In ages past, Nova was ruled by a king. The king was always the lord of a great House, and ruled more as first among equals. The origins of the office of king are obscure, and its necessity is little questioned by Novan historians and intellectuals. Even in the Age of Steel, when Novans recognize no king, it is generally taken for granted that the natural or original state of man was to be ruled over by a king.
As Nova Primus is a very extensive landmass, the duties of the king were historically quite limited. The king was bound to protect the faith (meaning, in theory, both the Ecclesiarchy and the Mechanicus, although in practice the Ecclesiarchy often received the lion’s share of royal assistance), and to defend humanity against major threats such as ork Waaagh!s.

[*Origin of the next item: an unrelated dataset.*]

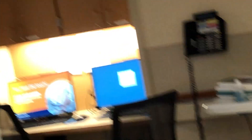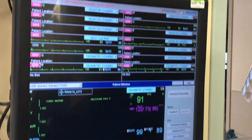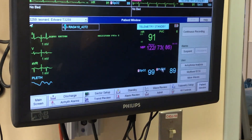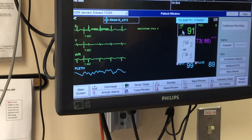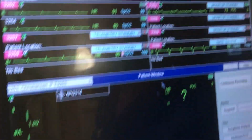Now let's show how to verify your arrhythmia alarms — what the alarms are set up for, the highs and lows. This is something we go over each shift. You can change the settings; we don't usually change them.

These duties were enforced by vows of fealty sworn by the lord of each House to the king. The exact content of these vows is known to have varied over the years, but they were always limited along the lines of defending the church(es) and mankind.
The office of king did pass from father to son, but in ages past the crown did pass from House to House (generally in bloody wars of succession). All agree that House Vaar has given Nova more kings than any other House, but all Houses except for House Rhinette have held the crown at least once in their history.
The era of kings ended in the Age of Iron. The exact date is not agreed upon, but all agree that the end of the Age of Iron is defined as whenever the last Novan king was overthrown, and this is generally accepted to have occurred at least 300 years ago. King Kaddar III Vaar was the last Novan king. During his rein, the Spire’s demands for tithe increased radically, and Kaddar III sided with the Ecclesiarchy over the protesting Houses. Such was the burden of the tithe that all six other Houses united against Kaddar and the white priests in a rebellion that eventually included many of House Vaar’s own vassal Houses. Though the rebels never took Stonehull, Kaddar III was betrayed by his own son. The power of the Ecclesiarchy would never recover, and although Kaddar’s son was allowed to assume the lordship of House Vaar, no king was crowned. The Age of Steel had begun.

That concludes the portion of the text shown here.